May's median house price may be down on April's, but one Rotorua real estate agent says the market is still on the rise.
The latest figures from the Real Estate Institute of New Zealand (Reinz) show the median house price in May was $385,000, down 9.4 per cent on April's median price of $425,000.
But First National principal and Rotorua Reinz ambassador Ann Crossley said the reason behind the apparent drop was simply because April was an anomaly.
"We're up from last May and the one before that so it's all trending in the right direction," Crossley said.
"I think April was just one of those weird months. We had about six sales over a million dollars. It's certainly not doom and gloom."
The median price at the same time last year was $350,000, that's a 10 per cent difference compared to the current median.
According to the Reinz figures, there were 122 properties sold in May, up 8 per cent on the 113 in April.
Crossley said the number of available properties was continuing on a downward trend.
"We've got a lot of people who say they would sell if they could find something to buy but they can't so they don't put their house on the market," she said.
"We probably have noticed less urgency in buyers ... They say I won't buy this one I'll buy the next, but there isn't a next.
"There ought to be some urgency but there isn't."
Duncan Realty general manager Richard Graham agreed the drop in median price from April to May could not be read into too deeply.

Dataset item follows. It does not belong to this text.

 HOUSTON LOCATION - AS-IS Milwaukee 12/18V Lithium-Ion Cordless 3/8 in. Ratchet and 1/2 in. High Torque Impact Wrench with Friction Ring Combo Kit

"That could change again in June," Graham said.
"It's not so much it has dropped, it's just the properties sold were a different make-up."
Graham said the Reinz figures were in line with what Duncan Realty had seen.

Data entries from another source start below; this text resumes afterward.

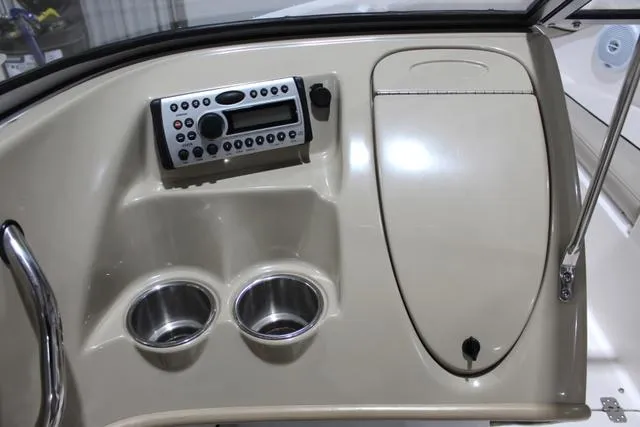 Slide: The Image of Dashboard of 2007 Campion Allante 545i BR boat with stereo and cup holders. - 19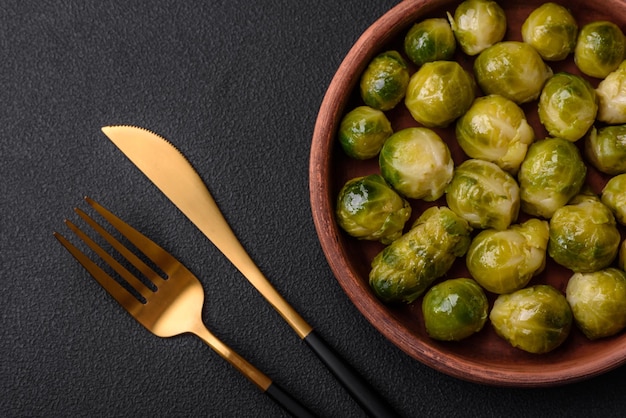 Deliciosas coles de Bruselas hervidas en un plato de cerámica sobre un fondo de hormigón oscuro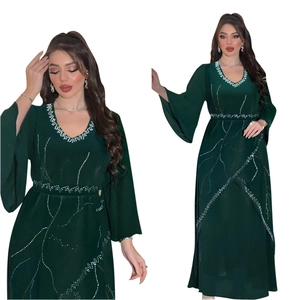 Detail of rhinestone patterns and V-neck on the dark green chiffon abaya robe with belt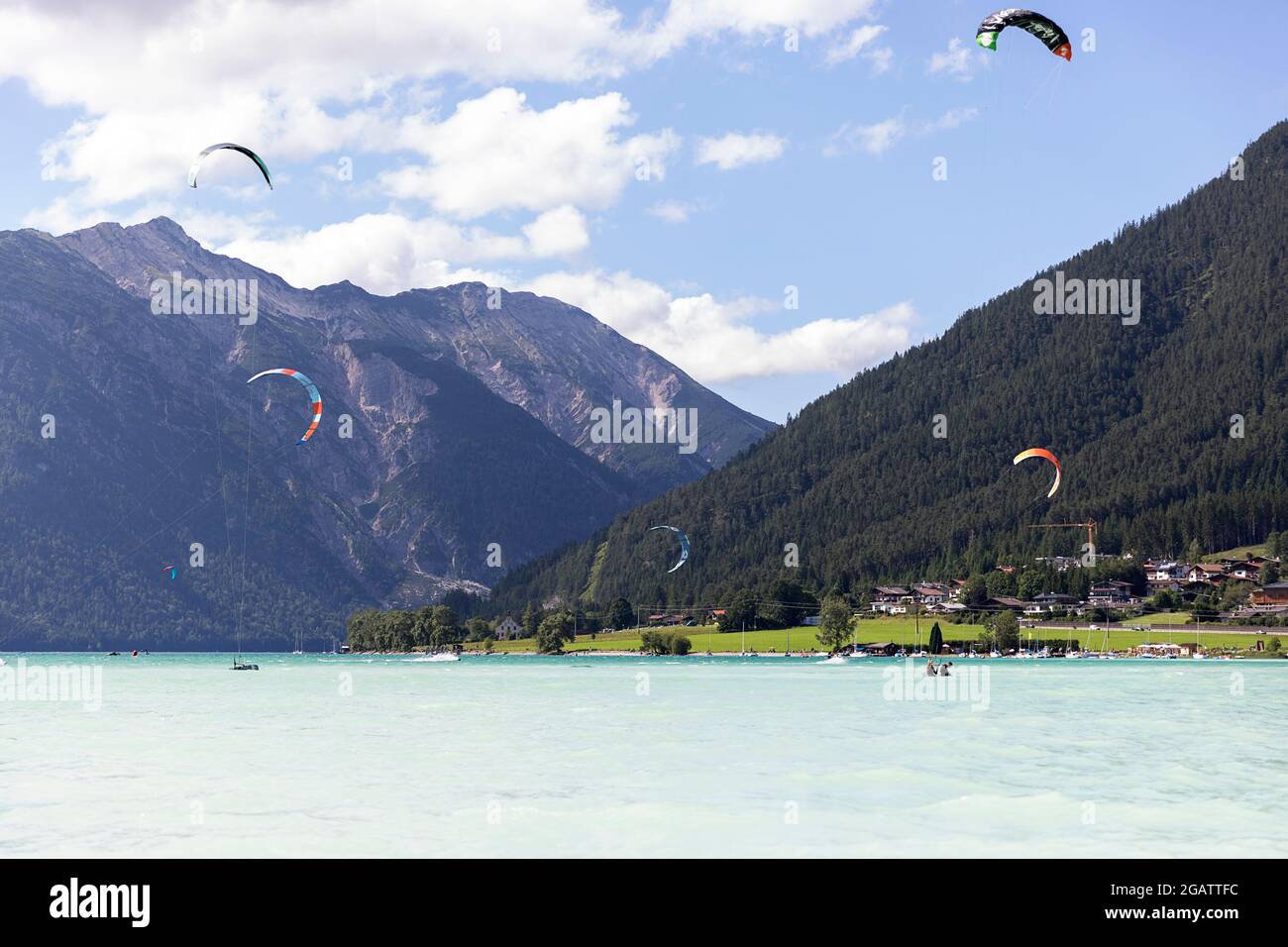 kite surfing on mountain lake in summer alpine landscape. Achensee, Achen Lake, Austria, Tyrol Stock Photo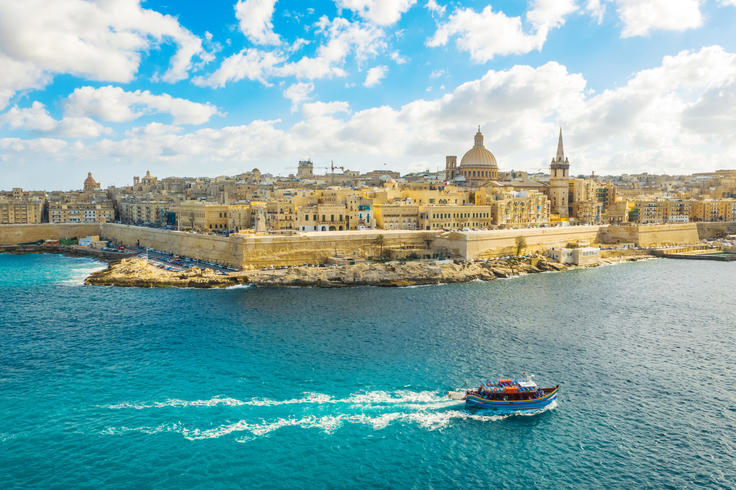 Valletta's skyline with historic buildings under a blue sky, viewed from the sea with a small boat in the foreground.
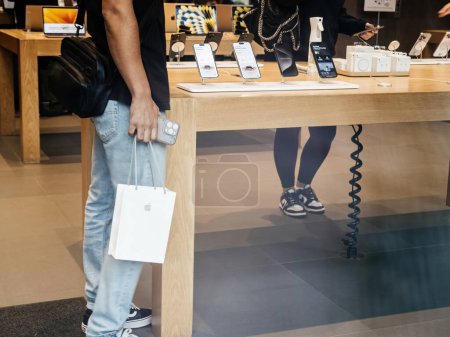 Téléchargez les photos : Paris, France - 22 sept. 2023 : Un client tient un sac en papier contenant le nouvel iPhone 15 Pro, debout à côté de la gamme complète des derniers modèles d'iPhone affichés dans le magasin. - en image libre de droit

"There's certainly growth in values and activity is high but the stock is low.
"We're seeing large amounts of competition for properties in that median range. We're seeing huge attendance at open homes and receiving multiple offers on properties."
Sotheby's International Realty Rotorua principal Shona Duncan agreed the new properties coming to the market were getting a lot of interest.
"Some cases there are multi-offers, the days on the market are shorter. However, we now have lower stock levels in Rotorua," Duncan said.
"Into winter months it can be difficult to encourage owners to bring their homes to the market and therefore buyers become less encouraged and a new cycle begins."
Rotorua Harcourts owner Glenn Austin said the shortage of available properties was likely seasonal and would change heading into spring.
"Demand for good property continues," he said.
Austin said the number of days properties were taking to sell was up, with the median at 39 days.
"With the advent of new subdivisions around Rotorua I believe we will see our local market back in full swing in the near future," he said.
"There is also good growth in commercial and industrial, demonstrating a confidence in our area."
Austin said home ownership in those under 40 was decreasing and there were more renters, meaning the outlook for investors was positive.
Reinz regional director Philip Searle said the wider Bay of Plenty market had seen an overall price increase of 9.6 per cent year-on-year.
"This has been driven by increases in the Kawerau district to a new record median price of $329,000."
OneRoof editor Owen Vaughan said while the figures showed a slowdown in the market, the long-term view was Rotorua values would continue to climb.
"It's clear that Rotorua is starting to feel the benefits of the 'Golden Triangle' – the term economic commentators use to describe the geographic area bound up by Auckland, Hamilton and Tauranga.
"The Golden Triangle has long been a major centre of growth in New Zealand's residential property market, and the positive effects of that growth can be seen to be stretching south to Rotorua."